The annual sediment load into the Cachi reservoir estimated at 0.81 million tons, which amounts to 1% storage volume of the reservoir, had been assessed at the planning stage to be distributed at 54% as thalweg deposits (flushed through low level sluice provided in the body of the dam), 21% getting deposited on the terraces, 18% flowing out through the spillway by gate operation and power intake through turbines and 7% trapped as bed load in the reservoir. This process is witnessed in two distinct parts of the reservoir – the upper part and the lower part – the upper part gets filled with sand and coarse sediments and the lower part, which is the deep river channel, gets deposited with fine sediment on its terraces which needs to be flushed by reservoir operation (a high concentration of sediments was noted near the power intake). However, for seven years after the project was commissioned, the reservoir was not desilted, which resulted in trapping of 82% of the sediment inflow into the reservoir and which moved towards the body of the dam and interfered with diversion of flow through the power intake in the body of the dam for power generation. The dam is provided with one scouring sluice at the bottom in the main river channel adjacent to the intake screen of the power intake that draws water for power generation. To keep the reservoir in a serviceable condition to derive planned power benefits, it became obligatory to drain the reservoir to its lowest level (though it caused an inevitable economic loss in power generation during the filling stage every year) and flush the deposited sediments downstream so that the intake does not get choked and allows sediment flow into the turbines. The first flushing operation was carried out in three well defined stages in 1973 and thereafter repeated every year till 1990. The downstream impact on the river regime as a result of the silt flushed from the reservoir was also studied when a peak concentration of 400 grams/litre were noted in the form of turbid water not only on the flood plains but also where the river merged with the Atlantic Sea. It was expected that these deposits would be flushed during the flood season. However, as a result of the silt flushing, some detrimental effect on the biota was noted by local people of the area in the downstream reaches of the river below the dam.

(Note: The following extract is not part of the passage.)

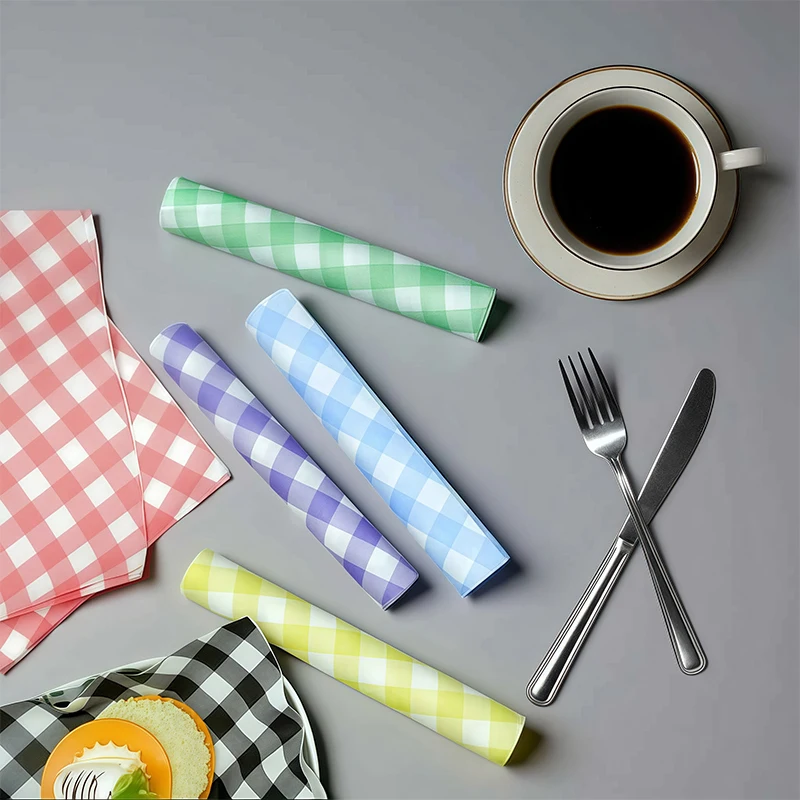 100 pezzi di carta vibrante a quadretti resistente al grasso, fogli di carta per gastronomia, panini, hamburger, carta da regalo per alimenti fritti, per feste, festival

The effectiveness of the flushing operations has been studied over the years by hydrographic surveys of the reservoir using turbidimeters, side scan sonar, sub-bottom profiler, repeated echo sounding, sediment coring and X-ray techniques. The studies have indicated that the sluices provided in the dam to flush the sediment deposits in the reservoir are effective given the "duration and degree to which the reservoir is drawn down and on the discharge capacity of the sluices" and also the shape of the reservoir, which in the case of Cachi is in a narrow gorge. Studies indicated that the average diameter of the sediments deposited in the reservoir was of the order of 0.04 mm. It was also noted that on the terraces of the reservoir flushing was not very effective since they were covered with water hyacinths which had trapped the sediments. The old river channel also had indicated a deposit rate of about 2 metres (6 ft 7 in), which, however, is now regularly flushed out by opening the scouring sluice.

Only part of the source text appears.